In 2007, the year with the highest ever recorded number of fatal overdoses in MA, the leadership of the Boston Public Health Commission had moved up to the Massachusetts Department of Public Health (MDPH) and brought with them their interest in and experience with OEND.  That year, MDPH established a plan to address overdose including expansion of buprenorphine access, community grants to address overdose prevention, and expanding OEND to include four additional agencies beyond the Boston and Cambridge needle exchanges.  The OEND project was established based on a written statement from MDPH legal counsel and the Director of the MDPH Drug Control Program that MDPH Drug Control regulations allow DPH to conduct pilot projects to determine whether a change in regulation would be warranted. The model that was outlined includes one statewide medical director who issues a standing order for the naloxone to be distributed by approved overdose prevention trainers in the community.

The MDPH OEND program was implemented as a joint collaboration between the MDPH Commissioner’s Office, the Office of HIV/AIDS and the Bureau of Substance Abuse Services. The program started in HIV Prevention programs in the community and has been expanded to include substance abuse treatment programs and hospital Emergency Departments.

By 2011, there were eight agencies operating in 12 communities and one training organization that works with statewide substance abuse treatment programs providing OEND services.  Together, these agencies have trained more than 10,000 drug users, friends and families of drug users, service providers, and first responders about how to prevent and manage an overdose- nearly 1,200 reports of the naloxone being used to reverse an overdose have been received so far.  There are plans for expansion in FY2012 to new communities and settings in Massachusetts.
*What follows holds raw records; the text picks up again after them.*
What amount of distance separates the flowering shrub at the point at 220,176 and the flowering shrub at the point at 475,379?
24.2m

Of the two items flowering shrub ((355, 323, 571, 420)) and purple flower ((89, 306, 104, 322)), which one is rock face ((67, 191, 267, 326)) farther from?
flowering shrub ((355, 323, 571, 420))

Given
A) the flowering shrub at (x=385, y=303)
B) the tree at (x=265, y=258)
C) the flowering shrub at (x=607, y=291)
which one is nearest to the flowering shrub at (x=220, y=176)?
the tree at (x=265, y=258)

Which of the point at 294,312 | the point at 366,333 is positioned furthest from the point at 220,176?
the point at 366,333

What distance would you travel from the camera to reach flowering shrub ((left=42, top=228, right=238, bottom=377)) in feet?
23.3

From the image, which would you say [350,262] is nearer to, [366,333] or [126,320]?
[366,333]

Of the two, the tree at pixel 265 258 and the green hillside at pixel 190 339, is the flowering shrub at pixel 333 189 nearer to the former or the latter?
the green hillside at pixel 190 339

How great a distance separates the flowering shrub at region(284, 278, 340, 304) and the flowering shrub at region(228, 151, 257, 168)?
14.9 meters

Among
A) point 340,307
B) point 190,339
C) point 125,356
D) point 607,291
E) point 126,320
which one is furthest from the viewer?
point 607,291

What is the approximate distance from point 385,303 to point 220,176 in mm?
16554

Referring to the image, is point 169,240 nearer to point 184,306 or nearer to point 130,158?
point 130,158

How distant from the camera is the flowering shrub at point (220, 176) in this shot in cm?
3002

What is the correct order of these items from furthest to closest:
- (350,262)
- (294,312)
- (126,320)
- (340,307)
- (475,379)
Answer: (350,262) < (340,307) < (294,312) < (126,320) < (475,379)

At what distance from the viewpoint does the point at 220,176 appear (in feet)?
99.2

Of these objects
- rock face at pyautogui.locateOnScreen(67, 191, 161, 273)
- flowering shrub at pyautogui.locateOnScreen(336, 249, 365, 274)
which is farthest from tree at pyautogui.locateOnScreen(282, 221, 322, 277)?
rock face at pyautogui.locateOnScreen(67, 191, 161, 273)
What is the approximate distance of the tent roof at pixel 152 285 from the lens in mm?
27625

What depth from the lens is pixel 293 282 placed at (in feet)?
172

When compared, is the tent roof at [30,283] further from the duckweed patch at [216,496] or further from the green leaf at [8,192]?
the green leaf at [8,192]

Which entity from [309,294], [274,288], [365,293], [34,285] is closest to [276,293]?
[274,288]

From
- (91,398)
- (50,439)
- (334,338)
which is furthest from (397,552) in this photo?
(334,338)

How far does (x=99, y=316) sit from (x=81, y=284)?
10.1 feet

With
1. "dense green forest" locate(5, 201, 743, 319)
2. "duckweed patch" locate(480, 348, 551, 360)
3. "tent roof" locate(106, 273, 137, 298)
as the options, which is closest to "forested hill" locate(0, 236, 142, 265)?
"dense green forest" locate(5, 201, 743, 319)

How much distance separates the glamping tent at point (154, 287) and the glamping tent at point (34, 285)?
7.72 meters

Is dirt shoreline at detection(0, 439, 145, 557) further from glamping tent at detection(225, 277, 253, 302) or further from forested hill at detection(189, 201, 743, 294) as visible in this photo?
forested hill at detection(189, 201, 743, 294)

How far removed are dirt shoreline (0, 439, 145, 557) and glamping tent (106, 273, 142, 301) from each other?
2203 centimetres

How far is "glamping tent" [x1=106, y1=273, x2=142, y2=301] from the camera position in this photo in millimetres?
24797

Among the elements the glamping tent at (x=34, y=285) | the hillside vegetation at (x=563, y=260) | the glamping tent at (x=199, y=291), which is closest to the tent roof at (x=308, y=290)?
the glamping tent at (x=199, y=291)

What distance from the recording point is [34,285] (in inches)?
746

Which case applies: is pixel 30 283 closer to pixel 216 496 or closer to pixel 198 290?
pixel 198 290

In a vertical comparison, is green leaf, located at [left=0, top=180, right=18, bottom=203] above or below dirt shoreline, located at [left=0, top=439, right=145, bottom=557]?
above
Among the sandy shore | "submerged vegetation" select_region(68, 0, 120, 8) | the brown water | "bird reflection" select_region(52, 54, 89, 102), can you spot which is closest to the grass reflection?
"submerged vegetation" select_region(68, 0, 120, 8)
Elements of the Massachusetts OEND program:

  • Supported and funded by the Massachusetts Department of Public Health (MDPH) Bureau of Substance Abuse Services and in-kind contribution of existing staff time;
  • Operating under existing MDPH Drug Control Regulations;
  • Medical Director issues standing orders for trained nonmedical public health workers to train and distribute nasal naloxone to potential opioid overdose bystanders;
  • Services provided by staff of agencies with existing Office of HIV/AIDS or Bureau of Substance Abuse Services contracts and partner organizations;
  • Agencies opt-in and do not receive additional funding;
  • MDPH provides nasal naloxone, mucosal atomizers, and educational materials to approved agencies for distribution;
  • Potential overdose bystanders are anonymously enrolled using a code based on a memorable formula and able to refill naloxone rescue kits for any reason at any agency location;
  • Services are delivered at needle exchange programs, HIV prevention drop-in centers, homeless shelters, methadone clinics, detoxes, office-based medical care, emergency departments, residential drug treatment programs, community meetings, street outreach, home delivery, and by other arrangements.